Last Modified : Thursday, April 11, 2024
By now we all are familier with Mistral-7b. The open source model which is beat ChatGPT (gpt-3.5-turbo) in performence.
In this blog you will learn how to use it on M1 Mac with Ollama
Table of content
Ollama
With Ollama you can easily run large language models locally with just one command. By default ollama contains multiple models that you can try, alongside with that you can add your own model and use ollama to host it - Guide for that.
How to install Ollama on M1 Mac
Head over to Ollama.com and Click on Download button, then click on Download for macOS.
NOTE: Ollama requires macOS 11 Big Sur or laterA zip file will be downloded, then follow the installation steps.
To verify if ollama is installed or not run the following command
ollama
Your termial will display the information about ollama command
Once Downloded and everything is steup, run the following command to install mistral-7b
ollama run mistral:7b
Ollama will extract the model weights and manifest files for mistral to run
After running above and after installing all the dependencies you will see a placeholder as send a message, now you can start chating with mistral-7b.

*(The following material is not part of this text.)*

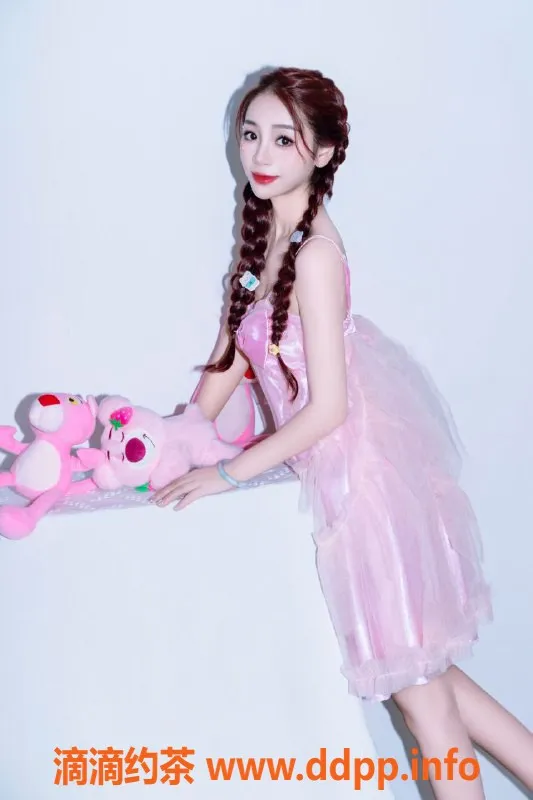 深圳楼凤-深圳龙华艾米，21岁高清服务体验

Using Mistral and Ollama with python
Now that you have mistral-7b running on your macOS, now you can test it with curl command as below
curl -X POST http://localhost:11434/api/generate -d '{
"model": "mistral:7b",
"prompt":"Hi, tell me about yourself."
}'
Also here is a postman request json, you can use this to make api request through postman or thunderclient
Postman requesy JSON
{
"client": "Thunder Client",
"collectionName": "themultomodel.com",
"dateExported": "2024-04-11T08:26:07.914Z",
"version": "1.1",
"folders": [],
"requests": [
{
"_id": "784770af-d3fb-4843-b398-3cde3f743058",
"colId": "eae9bcab-51b5-4482-86b1-12d5c84491de",
"containerId": "",
"name": "mistral-with-ollama",
"url": "http://localhost:11434/api/generate",
"method": "POST",
"sortNum": 10000,
"created": "2024-04-11T08:25:07.449Z",
"modified": "2024-04-11T08:25:07.449Z",
"headers": [],
"params": [],
"body": {
"type": "json",
"raw": "{ \"model\": \"mistral:7b\",\n \"prompt\":\"Hi, tell me about yourself.\"}",
"form": []
},
"tests": []
}
]
}
Python code
With this python code you can make api request to ollama mistral and get proper response
import requests
import json
def generate_response(prompt):
url = "http://localhost:11434/api/generate"
payload = {
"model": "mistral:7b",
"prompt": prompt
}
try:
response = requests.post(url, json=payload)

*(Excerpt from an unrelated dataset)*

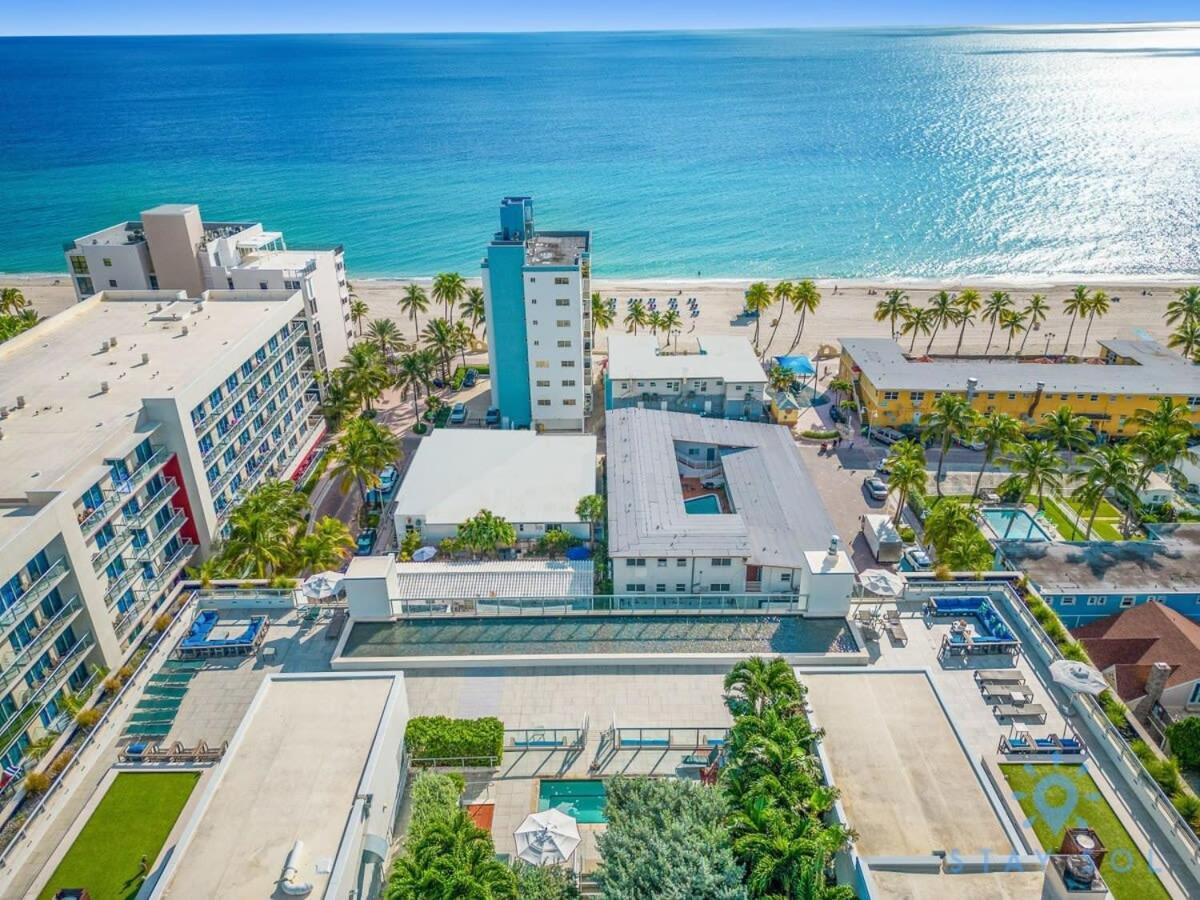 Rooftop Pool - Balcony - - Gym Hollywood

response.raise_for_status()
# Split the response by newline characters and parse each JSON object
response_data = [json.loads(line) for line in response.text.strip().split("\n") if line.strip()]
# Extract the "response" field from each JSON object and concatenate into a single string
generated_response = " ".join(data.get("response", "") for data in response_data)
# Replace double spaces with single spaces for proper formatting
generated_response = " ".join(generated_response.split())
return generated_response
except requests.exceptions.RequestException as e:
return f"Error: {e}", 500
response = generate_response("Hi, tell me about yourself")
print("Response:", response)
After running this code you will see following output.
Conclusion
This is a very simple introduction on how to use it on macOS. We are clearly seeing a trend where more people are intrested in running LLM's on their own machine.
Now you also know how to do it on your macOS.